For the 2025 State Election, we will ask political parties to:
Reform payroll tax to support small and family businesses
Ensure accountability for environmental approvals
Review and reform regional housing policies
Assess the full economic cost of the WABPIC policy
Oppose Federal reforms that damage WA
WA is the payroll tax capital of Australia
At gross annual wages of $3.5 million, WA businesses pay $33,304 more than they would in New South Wales.
“We have considered moving our Head Office from WA over east partly due to payroll tax.”
Wholesale Trade,
35 employees.
- WA has the highest payroll tax burden of any state, putting WA businesses at a competitive disadvantage.
- The overwhelming majority of businesses in WA want payroll tax reform. Payroll tax causes more financial distress than any other government influence.
- Lowering the burden of payroll tax would boost investment, foster innovation and provide some much-needed relief to small and family businesses who create jobs and opportunities for local communities.
A shortage of housing acts as a handbrake on the economy
- Comprehensive review of Government Employee Housing stock and policy.
- Consider establishing a Government Trading Entity to manage demand and supply of government employee housing stock, with a strategic long-term view of growing flexible housing stock in regional communities.
- If a GTE model is not supported, the Minister for Housing should issue a Ministerial Direction to reduce the number of housing policies and force pooling of resources in tight rental markets.

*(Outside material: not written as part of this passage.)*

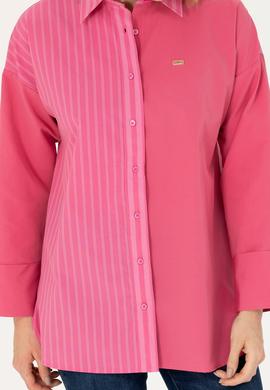 Kadın Pembe Uzun Kollu Gömlek - 50268683010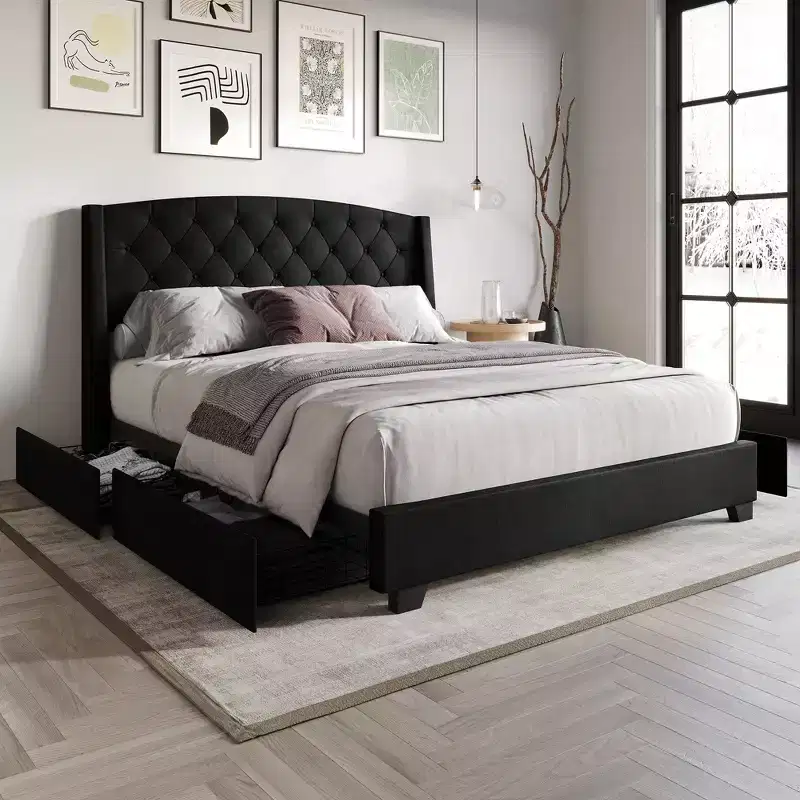 Velvet Platform Bed with Storage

Continuing to tackle the green web
- The State Government has shown it listens to business, with significant approvals reform as a result of CCIWA’s Green Web Report.
- The next step is to ensure these reforms count, by making regulatory agencies accountable against robust KPIs on assessment timelines.
- The Government should also introduce real-time tracking for approvals requests to keep government agencies accountable for holding up the economy.
Maintaining strong financial management
- The WA Best Practice Industrial Conditions (WABPIC) trial seeks to dictate terms of the employment and contractual relationships – far beyond what is normal practice – and seeks to mandate workplace terms and conditions for small contractors.
- A similar policy in Queensland was found to increase costs by 25%, equating to a net economic cost of up to $17.1 billion.
- The State Government should model the cost of WABPIC and release this publicly.
Standing up to Canberra
- WA is a state of major projects and significant economic opportunity – but we need the right State and Federal regulatory frameworks in place to drive economic growth and diversification.
- The current Federal Government has caused anxiety for WA by introducing and enacting reforms which are profoundly anti-business and anti-Western Australia.
- We urge the next State Government to be a strong voice for balanced Federal laws.